A sensory role for ATP was proposed long before general acceptance of its extracellular role. ATP activates and sensitizes signal transmission at multiple sites along the sensory axis, across multiple synapses. P2X and P2Y receptors mediate ATP modulation of sensory pathways and participate in dysregulation, where ATP action directly on primary afferent neurons (PANs), linking receptive field to CNS, has received much attention. Many PANs, especially C-fibers, are activated by ATP, via P2X3-containing trimers. P2X3 knock-out mice and knock-down in rats led to reduced nocifensive activity and visceral reflexes, suggesting that antagonism may offer benefit in sensory disorders. Recently, drug-like P2X3 antagonists, active in a many inflammatory and visceral pain models, have emerged. Significantly, these compounds have no overt CNS action and are inactive versus acute nociception. Selectively targeting ATP sensitization of PANs may lead to therapies that block inappropriate chronic signals at their source, decreasing drivers of peripheral and central wind-up, yet leaving defensive nociceptive and brain functions unperturbed.
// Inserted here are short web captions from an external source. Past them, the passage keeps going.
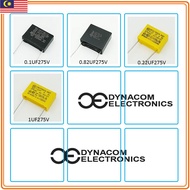 Ceiling Fan Condenser Capacitor Circuit Board Capacitor [Condenser Kipas Siling Condeser Litar]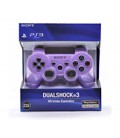 Геймпад беспроводной для PS3 SONY Wireless DUALSHOCK 3 (Violet), 3.7V, 500mAh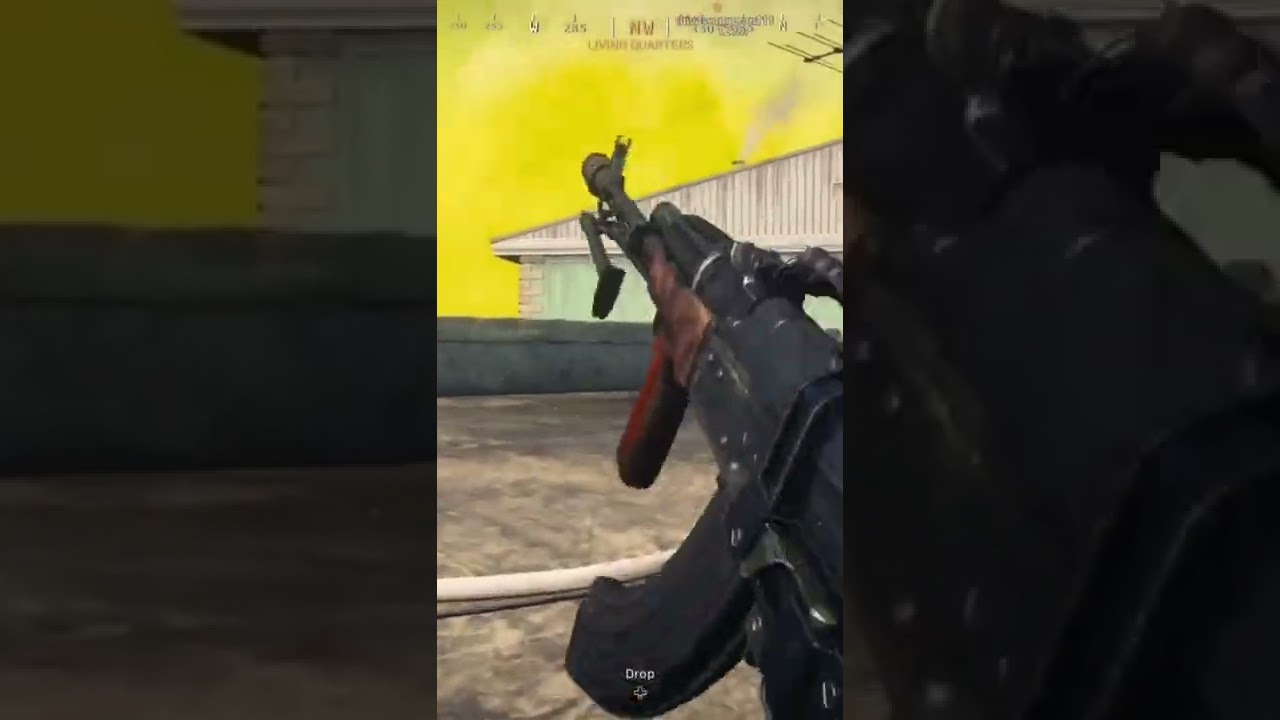 Oh Specialist 😍 How Clutch You Are #warzone #COD #callofduty #shorts #H2FLO  #gaming #rebirth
This article reviews this evidence, focusing on how ATP sensitization of PANs in visceral "hollow" organs primes them to chronic discomfort, irritation and pain (symptoms) as well as exacerbated autonomic reflexes (signs), and how the use of isolated organ-nerve preparations has revealed this mechanism. Urinary and airways systems share many features: dependence on continuous afferent traffic to brainstem centers to coordinate efferent autonomic outflow; loss of descending inhibitory influence in functional and sensory disorders; dependence on ATP in mediating sensory responses to diverse mechanical and chemical stimuli; a mechanistically overlapping array of existing medicines for pathological conditions. These similarities may also play out in terms of future treatment of signs and symptoms, in the potential for benefit of P2X3 antagonists.
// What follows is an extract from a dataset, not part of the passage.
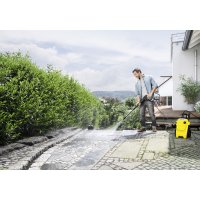 Мойка высокого давления Karcher K 4 Compact 1.637-500.0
Keywords: AF-219; P2X3; afferent sensitization; airways hyperreactivity; cough; urinary symptoms; visceral disorders.

Figure 1

ATP is released in heightened amounts in a variety of somatic and visceral tissue systems and may cause hyperexcitability (“sensitization”) of PANs. Depending on the nature of the affected tissue, the elevated afferent discharge drives the increased perception of irritative symptoms (hyperesthesia) as well as lowering the threshold for activation of autonomic reflexes. These elevated reflexes (hyperreflexia) in turn give rise to many of the signs of chronic disorders, which can usually be easily observed or measured, if not perceived by the patient.

Figure 2

Normal physiological sensory perception and reflexes are important defensive mechanisms, under conditions of acute stress or physical threat, when a high stimulus intensity (blue sigmoid) represents potential harm. During chronic dysregulation, afferent functions experience sensitization, wherein normally low threshold or sub-threshold stimulus intensities, posing little or no threat, now induce unpleasant sensations and inappropriate autonomic responses. Many mechanisms have been proposed to contribute to such sensitization, but the key priming autacoid remains elusive, though it could turn out to be ATP in some visceral systems such as LUT and airways.

Figure 3

Morphology and wiring of LUT and airways. The urinary tract and airways walls show a similar overall morphology, despite quite distinct structural differentiation in the epithelial layer. In both systems, ATP (shown as blue triangles) is present in large extracellular concentrations, released by various cells including epithelia, fibroblasts and smooth muscles, and can activate C-fiber afferent and promote sensitization. Release of ATP is augmented in conditions of stress, injury, inflammation and infection.

Figure 4

The reflex bladder. In the neonate, C-fibers carry bladder filling signals to activate spinal segmental reflexes that regulate involuntary excitatory responses. Overlaying and—in a healthy person—overriding this reflex bladder is a voluntary control system, that is laid down during the early post-natal years. Here, Aδ fibers play a dominant role, impacting with second order neurons that send signals up to the brain. In neurogenic-bladder patients (typified following spinal injury), a rapid deterioration of this descending inhibitory control occurs, ”unmasking” the C-fiber reflex beneath. The more gradual emergence of this reflex, due to idiopathic loss of descending C-fiber inhibition, may account for the development of many LUT symptoms (as conceived by WC de Groat).